[[ Supplied data, beginning ]]

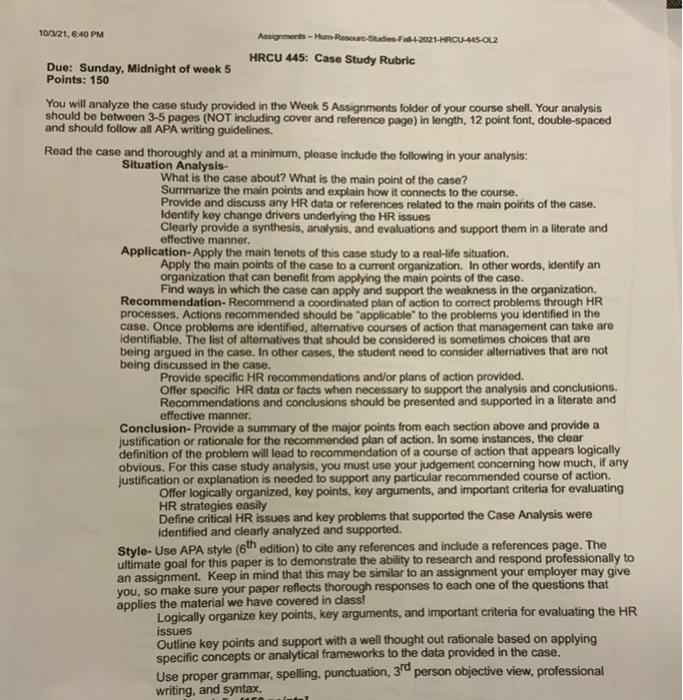 10/121.6.40 PM Assignments - HumRetour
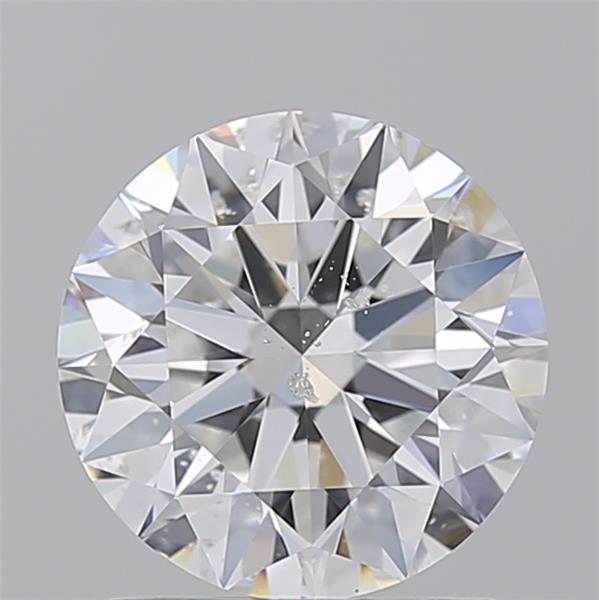 1.600 E I1 Virtual Selection Round Diamond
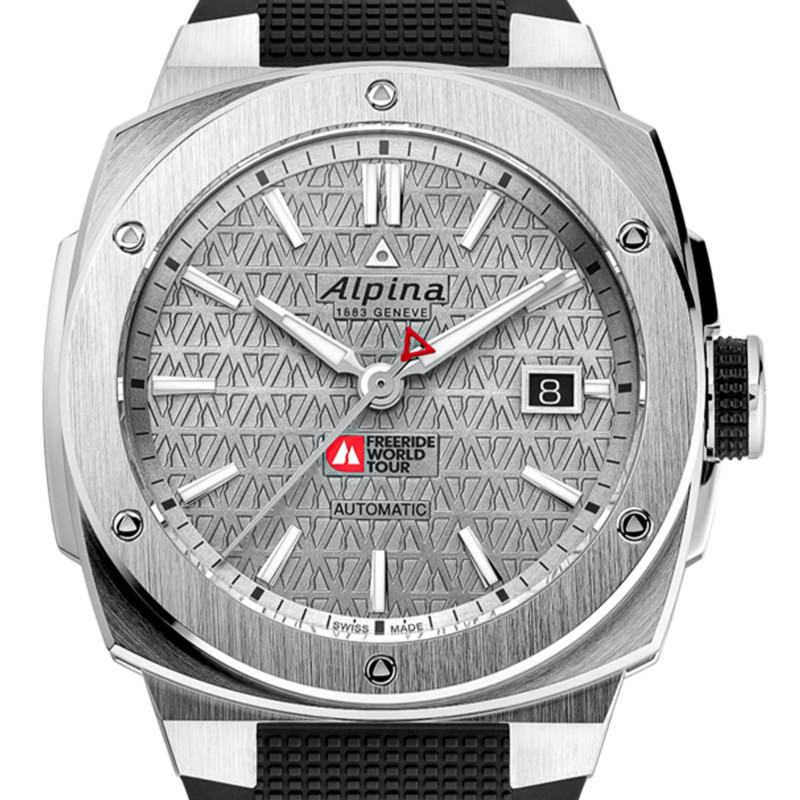 PROMO Montre Freeride World Tour AL-525FWT3AE6 - Alpina OCARAT.COM BIJOUTERIE N°1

[[ Supplied data, end ]]

Word for word, print the material above, but without its pictures.

 10/121.6.40 PM Assignments - HumRetour
 1.600 E I1 Virtual Selection Round Diamond
 PROMO Montre Freeride World Tour AL-525FWT3AE6 - Alpina OCARAT.COM BIJOUTERIE N°1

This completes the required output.